In the UK, a think tank determines access to rare disease drugs based on their perception of an individual’s quality of life. That idea has also been developed in the United States, but by a private nonprofit without too much influence. That is, until August 2018 when CVS announced that they would allow insurers using Caremark to not cover the cost of drugs which didn’t have this organization’s approval.
To be clear, the board of this organization is predominately composed of individuals associated with insurance companies, not patient advocates.
So who exactly is this organization? It’s called ICER, based on the UK organization NICE. Many believe it’s an ironic acronym.
ICER stands for the Institute for Clinical and Economic Review. NICE refers to the UK’s National Institute for Health and Care Excellence. These organizations look at the average number of patients who a particular drug works for and from that number, determine at what cost the drug should be sold. They also determine whether or not insurance companies should cover it. They decide on this price using, what they call a, “Quality of Life Years” (QALY) evaluation. Specifically, they’ve created a threshold of 100,000 dollars per QALY. For example-
“A think-tank’s opinions about the “quality of life value” of a new and expensive biologic to treat rheumatoid arthritis will determine whether a sick woman who would benefit from this new drug treatment will be covered by her insurance.”
Imagine instead if we focused on the individual patients, ensuring that people have access to the drugs that work for them. Yes, a certain drug may only work for a small population of patients.

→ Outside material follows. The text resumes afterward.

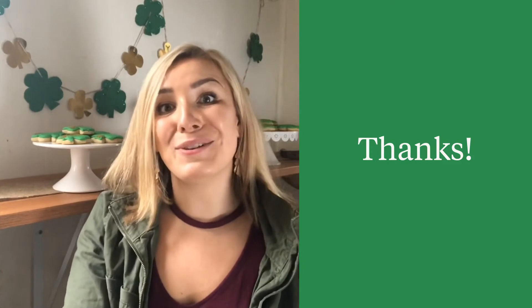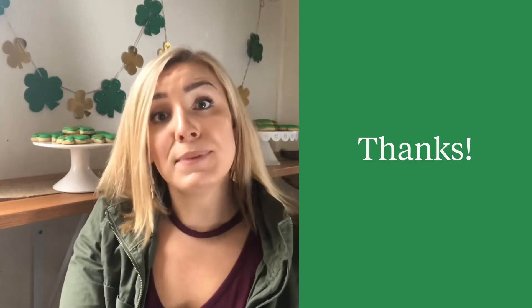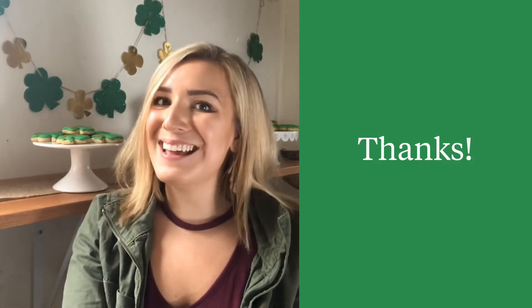I'm Taylor Chu, thanks for checking out this project. Be sure to check out my other baking and craft tutorial videos on Jumprope. Until then, I'll see you next time.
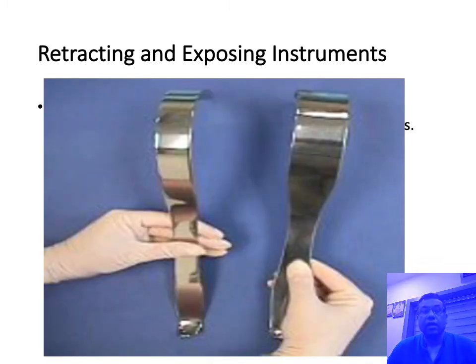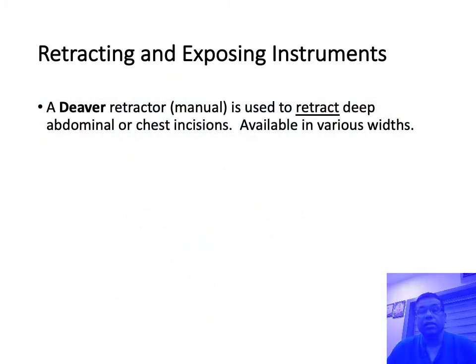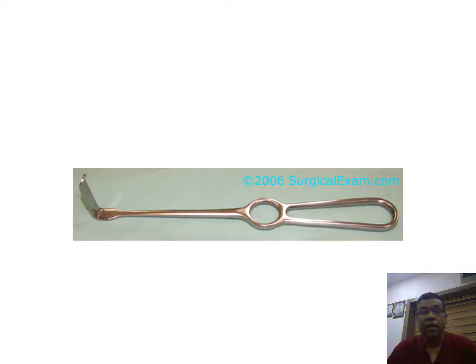Now coming to retractors — there are various types of retractors. This one you might have seen in gynecology: it is called the DIVA retractor, mainly used for deep abdominal retraction and available in various depths. This is one of the commonest retractors you have already seen — the Langenbach retractor — used for retracting mainly superficial abdominal surgeries, abdominal wall retraction. It is seen used in hernia repairs, modified radical mastectomies, and abdominal wall retraction cases.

But it is so beyond unethical to say that those people do not deserve treatment because they are in the minority. If we have developed a treatment that works, there’s absolutely no reason why that treatment shouldn’t be available to the patients who could benefit from it.
Patient advocates have argued that they wouldn’t be that upset if this think tank were just part of the process. But, the announcement from CVS/Caremark has raised a lot of concern.
Supporters of ICER
In addition to having a review board full of insurance company employees, ICER receives funding from many major insurers. These include Blue Cross, Kaiser, Aetna, UnitedHealth, and Anthem to name a few.
They’ve also received 19 million from the Laura and John Arnold Foundation, allowing them to extend their review to all newly-approved drugs.
Supporters argue that organizations like this can help control and even decrease drug costs. However, drug manufacturers claim they’re just keeping the savings for themselves. Either way, the problem of patients not receiving the drugs they need remains the same.
The people behind ICER believe that new expensive medicines, developed for a small population of people (aka those with rare conditions) could destroy our economy. But the thing is, if we can get patients more effective medications sooner, we’re reducing costs down the line by decreasing the amount of hospital stays/treatments/etc. needed in the future. We may even be able to prevent a condition or side effect which would eliminate the need of treatment all together.
The moral of the story is, there’s a way we can support cost-benefit analysis while still keeping in mind the people behind it all – the patients. Ultimately, they should always be our first priority.